Remember, coefficients are whole numbers placed in front of compounds or elements. It's important to never change the subscripts in chemical formulas, as this changes the substances involved. Balancing equations can sometimes be trial and error, especially with complex reactions. Patience and practice are key.

Decomposition reactions involve breaking a compound into simpler substances. These reactions usually require energy input in the form of heat, light, or electricity. A classic example is the decomposition of mercury(II) oxide into mercury and oxygen—a crucial discovery by Joseph Priestley that led to identifying oxygen. Consider this equation: 2 HgO (s) → 2 Hg (l) + O y2 (g) In this reaction, mercury(II) oxide decomposes into mercury and oxygen gas when heated. Decomposition reactions often have the general format of: AB → A + B Where a binary compound like AB breaks down into simpler products A and B upon heating or other input energy sources. Common examples include the breakdown of peroxides, nitrates, and sulfates.

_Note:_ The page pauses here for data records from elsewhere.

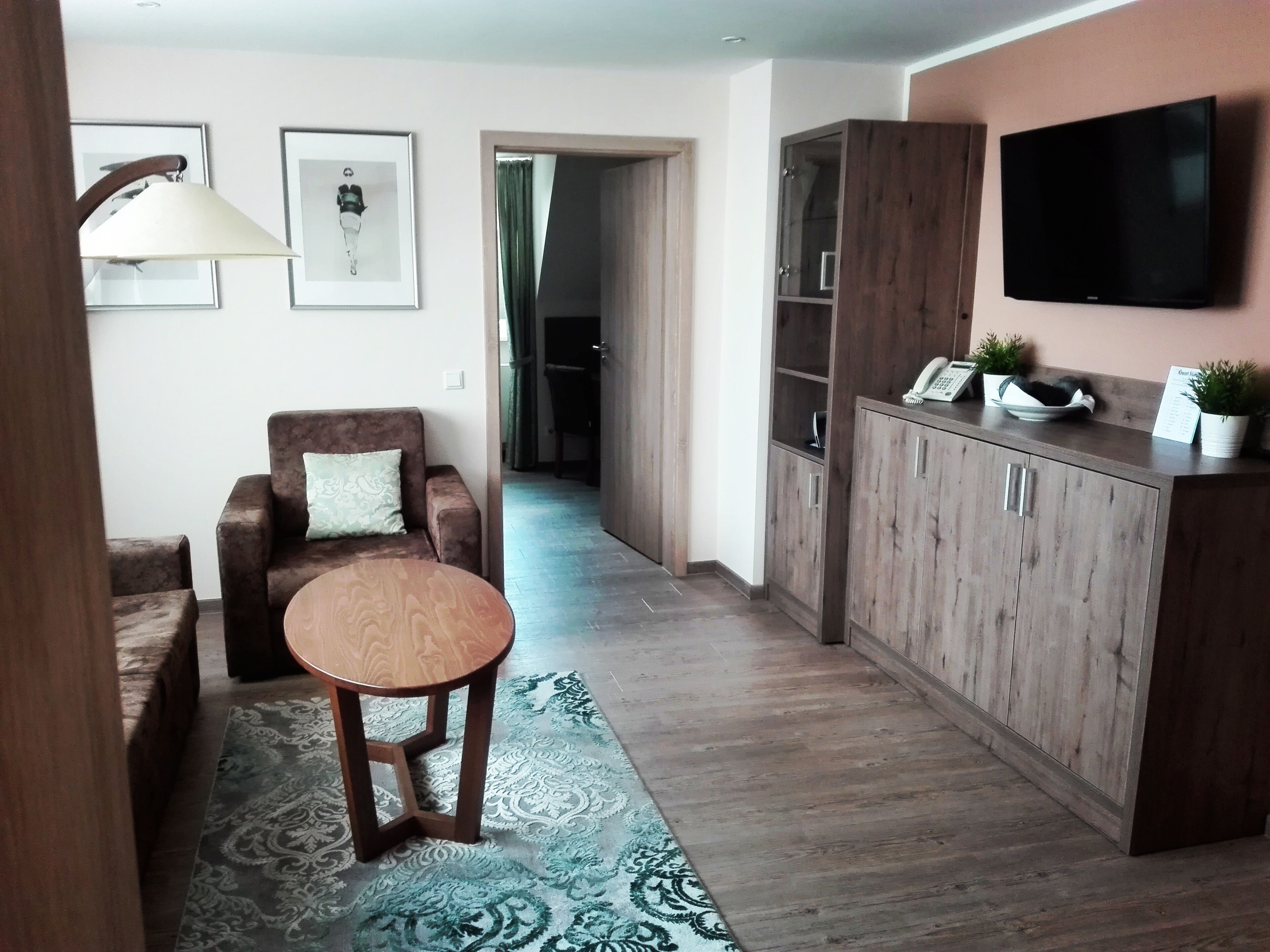 Un salón con sofá, una mesa redonda de madera, un armario y un televisor de pantalla plana montado en la pared.
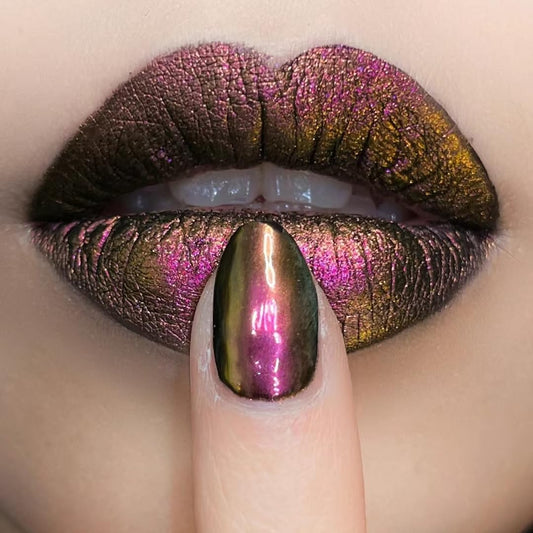 CHARMING MAY Chrome pigment on a nail swatch reveals shifting color under light.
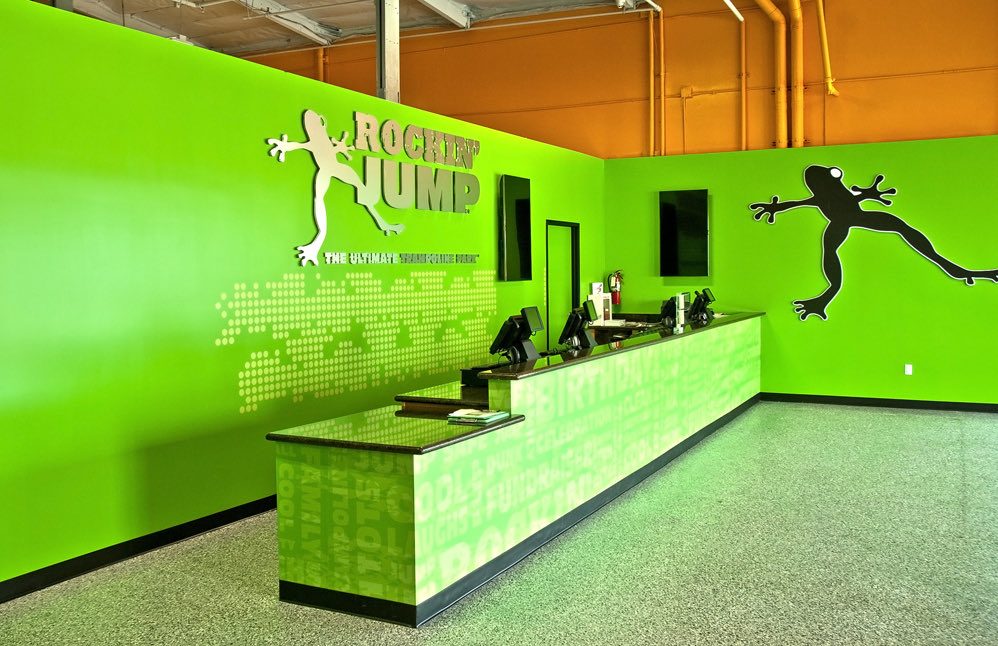 Rockin' Jump: Front desk with the frog logo wall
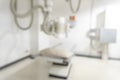 X-ray room blur background of empty radiological imaging scan equipment laboratory in blurry medical clinic or general hospital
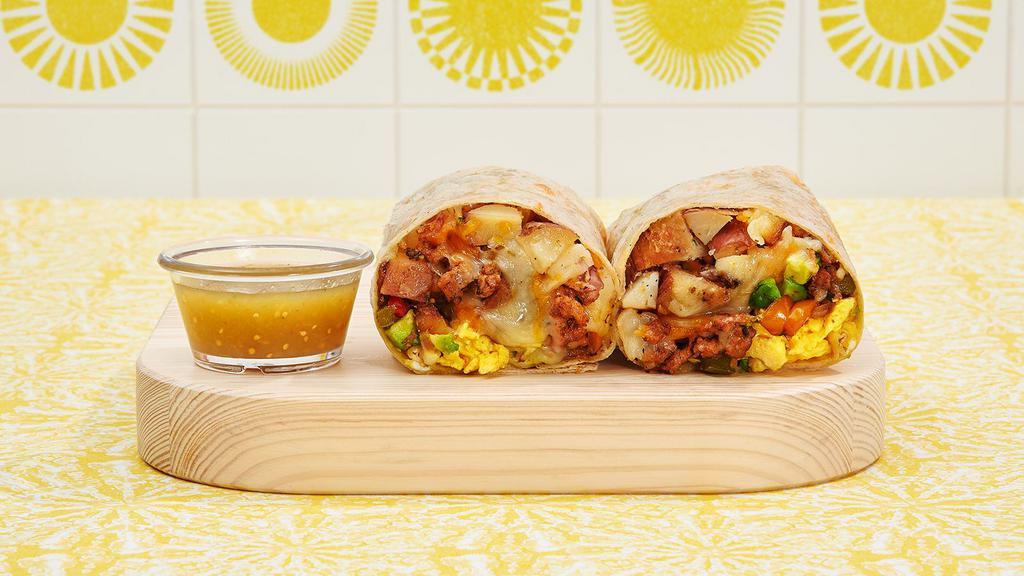Build Your Own Burrito · Two scrambled eggs with your choice of meat and toppings wrapped in a fresh tortilla.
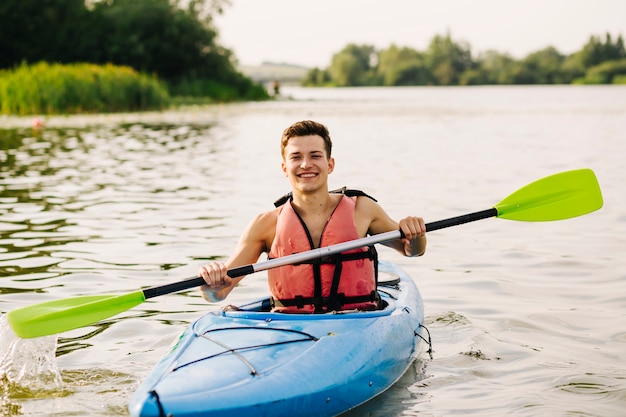 Homme assis en kayak à l&#39;aide de pagaie sur le lac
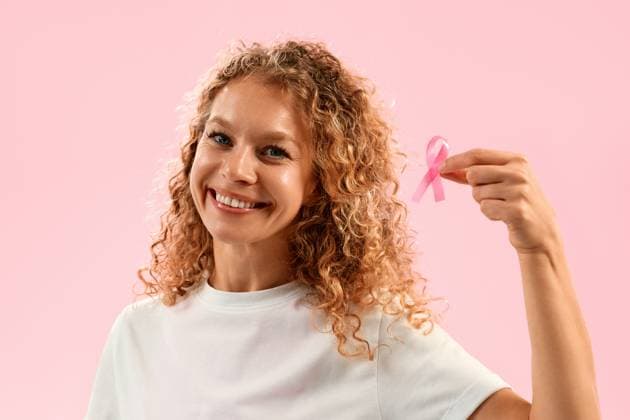 Smiling woman holding pink ribbon on pink background, breast cancer awareness and support concept Happy woman in white shirt smiling and holding pink ribbon on pink background, symbolizing breast cancer awareness, hope, support, and health advocacy concept. Model Released OrionProduction_ID30910_1048099_047 Copyright: xx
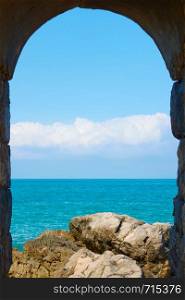 Tyrrhenian sea and rocky coast through arch in Cefalu, Sicily, Italy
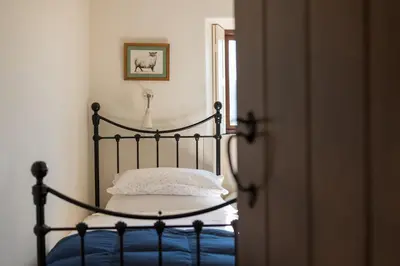 a bedroom with a bed and a picture of a horse at Bank Barn, Wreay in Penrith
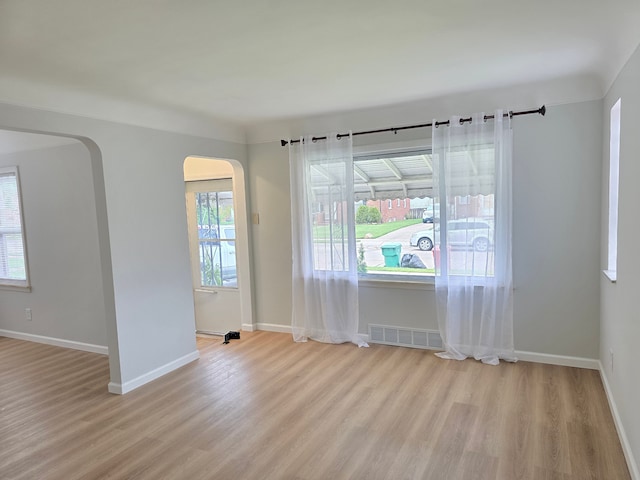 15360 Collinson Ave, Eastpointe, MI 48021 - spare room featuring arched walkways, light wood-style flooring, and baseboards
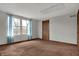 Neutral empty room with two windows letting in ample natural light and plush carpeting at 7344 Monon Cir, Indianapolis, IN 46256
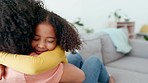 Love, mother and daughter hug, lounge and happiness on couch, cheerful and quality time. Happy, mama and daughter embrace, loving and bonding together, joyful and affection on sofa, relax and happy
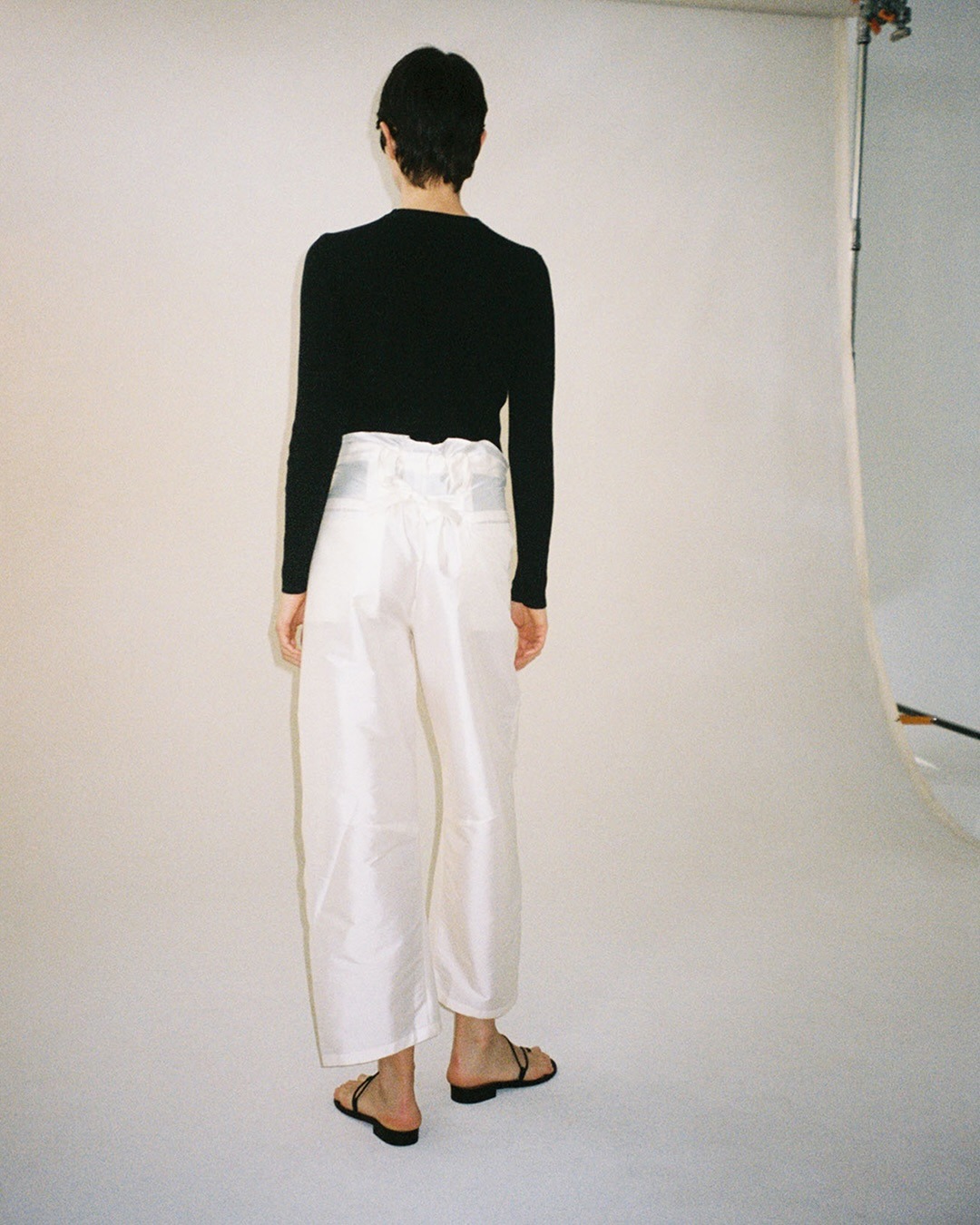 Model wearing Chan Luu taffeta pants.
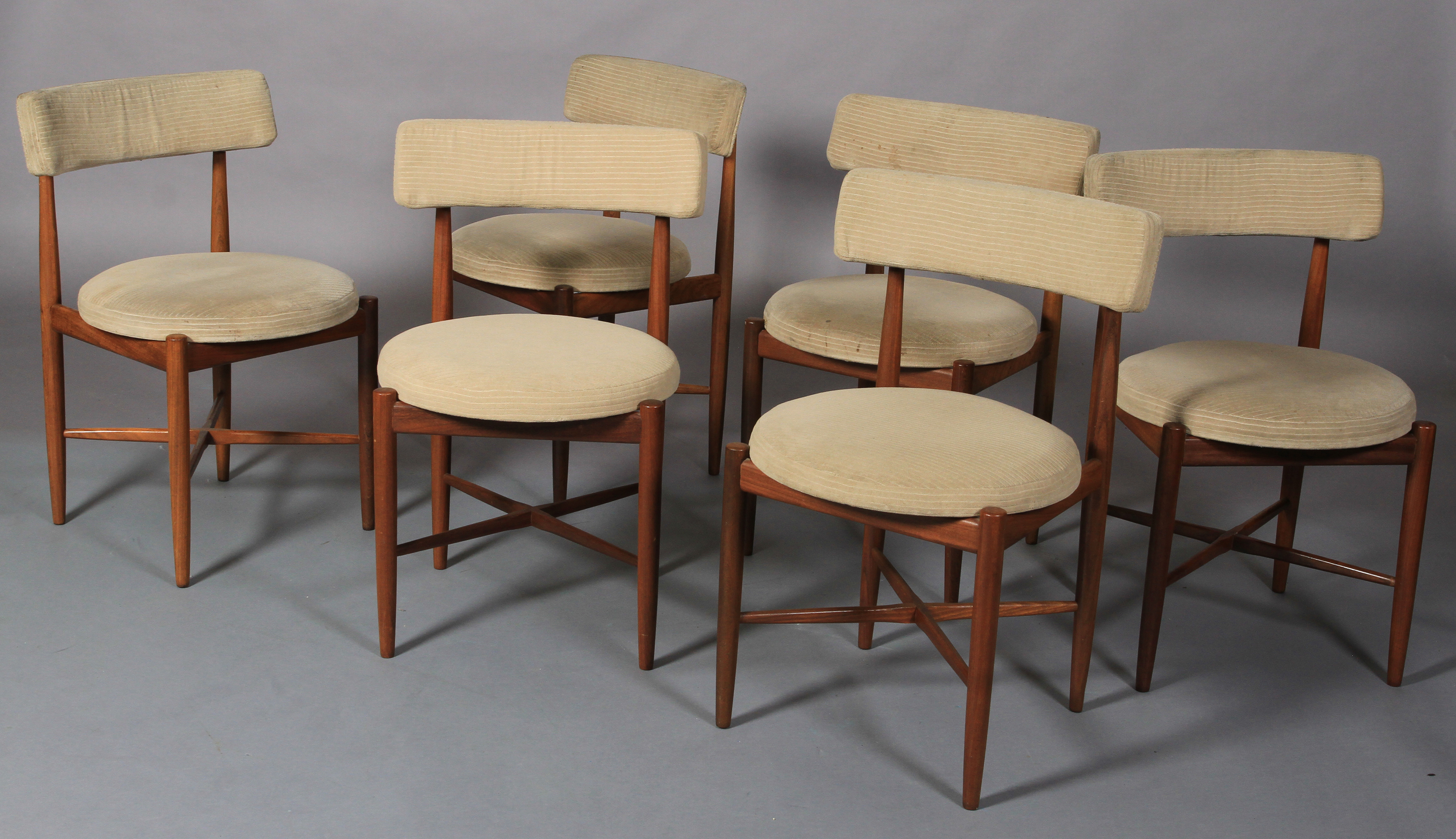 G Plan, a set of six teak dining chairs, pale corduroy upholstered bar back and circular seats, on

Oxidation-reduction reactions, also known as redox reactions, are chemical reactions involving the transfer of electrons between two substances. This transfer results in changes in oxidation states of the reacting species. These reactions are crucial in chemical processes ranging from respiration to combustion. Let's look at how oxidation and reduction occur:

• Oxidation: Loss of electrons or gain of oxygen. Increase in oxidation state.
• Reduction: Gain of electrons or loss of oxygen. Decrease in oxidation state.

An exemplary redox reaction is seen when lead(II) sulfide reacts with ozone: PbS + 2 O3 → PbSO4 + O2 Here, lead(II) sulfide is oxidized while ozone is reduced, illustrating the exchange of electrons and changes in oxidation states. Identifying oxidation and reduction in reactions helps in balancing redox equations and understanding electron flow.

Atmospheric chemistry focuses on the chemical composition and reactions occurring in the Earth's atmosphere. It involves understanding both natural processes and human impacts on the atmosphere, such as pollution. A significant aspect of atmospheric chemistry is the formation of ozone high in the atmosphere: 3 O2 → 2 O3 This conversion of oxygen to ozone primarily occurs in the stratosphere, where ultraviolet light catalyzes the reaction. Ozone plays a vital role in protecting life on Earth by absorbing the majority of the sun's harmful ultraviolet radiation. Moreover, atmospheric chemistry covers topics like the greenhouse effect, air quality, and acid rain. It's vital to study these to predict climate changes and devise measures for pollution control. Understanding these processes helps in making informed environmental policies and promotes a sustainable future.